4. L'illusion qui existe en Belgique selon laquelle l'associé débiteur de l'impôt français sur les bénéfices nets appréhendés par la SCI serait une "personnalité fiscale" de substitution à la SCI elle-même outrepasse non seulement le droit fiscal mais aussi le droit civil français, en forçant l'associé domicilié en Belgique à accepter, sous contrainte d'une amende en cas de non-déclaration, une relation directe entre une administration fiscale étrangère à la France et lui-même. En sa qualité d'associé, ce dernier ne dispose d'aucun mandat, ni légal, ni statutaire, pour représenter la société en lieu et place de la gérance dûment nommée, au même titre qu'aucun actionnaire d'une société de droit belge ne peut représenter la société à la place de l'organe ou des membres désignés pour assurer l'administration quotidienne de ladite société. Aucun associé d'une SCI, au même titre qu'un actionnaire non dirigeant d'une S.A. ou S.R.L. belge, n'est légalement autorisé à répondre, à titre individuel, à la question de savoir si les immeubles inscrits à l'actif du bilan de la tierce personne morale dont il est associé sont mis ou non en location ou si l'impôt sur les revenus payé en France représente ou non moins de 1% du revenu équivalent et déterminé selon la loi belge.
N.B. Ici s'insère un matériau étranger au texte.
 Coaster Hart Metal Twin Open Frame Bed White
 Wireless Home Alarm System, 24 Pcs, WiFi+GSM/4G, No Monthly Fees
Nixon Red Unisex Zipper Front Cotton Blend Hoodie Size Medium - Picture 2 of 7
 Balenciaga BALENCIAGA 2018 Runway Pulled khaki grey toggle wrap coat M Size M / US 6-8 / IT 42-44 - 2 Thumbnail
Poser une question, fût-elle pertinente ou infondée, par le SPF Finances à un contribuable belge qui, en tant qu'associé d'une société de droit français n'est légalement pas autorisé d'y répondre, ne peut conduire qu'à un litige ou à une confrontation judiciaire, sauf pour les ignorants ou les peureux.
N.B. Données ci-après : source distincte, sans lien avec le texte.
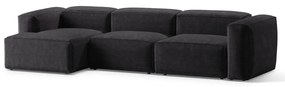 Divano angolare grigio scuro (con penisola a sinistra/con chaise lounge) con rivestimento in velluto a coste Bergamo – Cosmopolitan Design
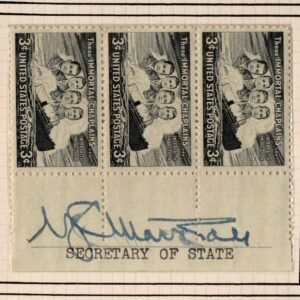 US 956 Strip of 3 Signed by James Forrestal, Sec. of Defense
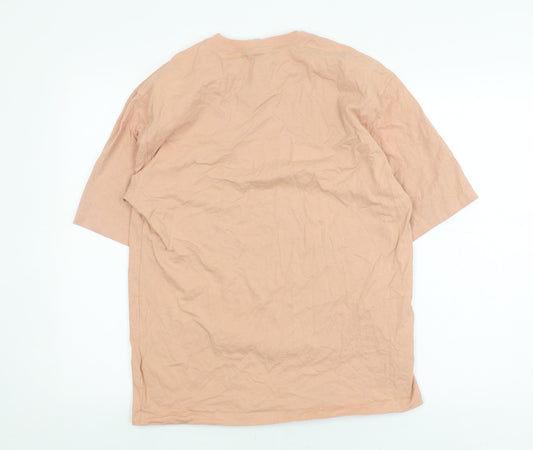 Adidas Unisex Beige Cotton T-Shirt Size L Crew Neck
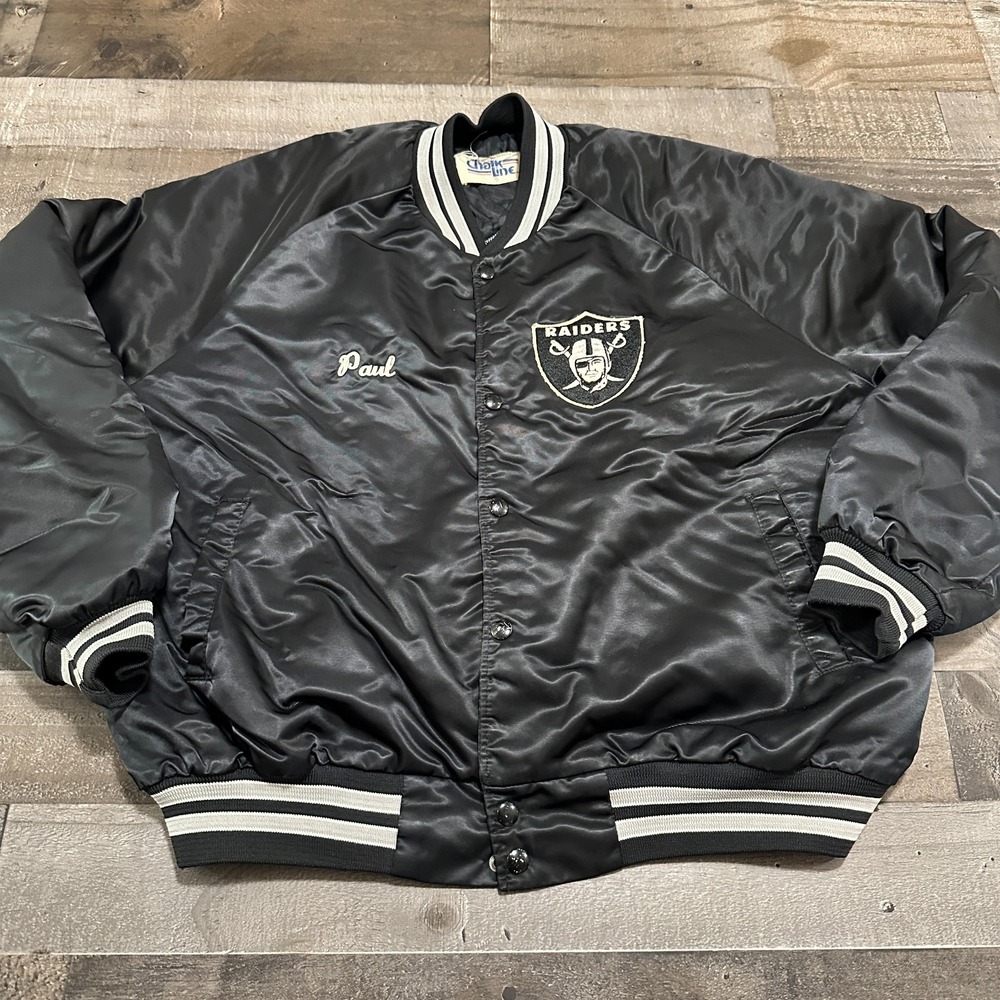 Vintage Raiders NFL Chalkline Satin Bomber Jacket Size XL - Name: Paul Enscribed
5. Dans ses incohérences et contradictions, le législateur a indiqué dans son rapport au Roi présentant l'A.R. du 21 novembre 2018 que la signification des termes "société" et "établi" devait correspondre à la signification donnée à ces termes dans le CIR 92. La question que tout associé domicilié en Belgique d'une SCI doit ainsi se poser avant d'introduire la moindre déclaration au titre d'une "construction juridique" ou de requérir l'attribution d'un RC est de savoir si la SCI est « une société, …qui se livre à une exploitation ou à des opérations à caractère lucratif et qui : soit possède la personnalité juridique …en vertu du droit étranger qui le régit, soit… ». La réponse à cette question est évidemment NON, sauf pour certain(e)s, sans doute celles et ceux qui ont oublié qu'avant l'entrée en vigueur du C.S.A. en 2000, une société civile posant des actes de commerce était automatiquement requalifiée en société en nom collectif dite irrégulière...!


En conclusion

L'extension de la taxe Caïman à certaines SCI françaises est hautement litigieuse, car le législateur belge outrepasse la territorialité de ses pouvoirs en justifiant sa position par des arguments qui ne respectent ni la législation française, ni les principes d'unicité et d'égalité devant l'impôt, ni la signification des mots lorsqu'ils sont énoncés en français ou en néerlandais. Aussi, il a d'ores et déjà été annoncé le dépôt prochain d'un recours auprès de la Cour Constitutionnelle.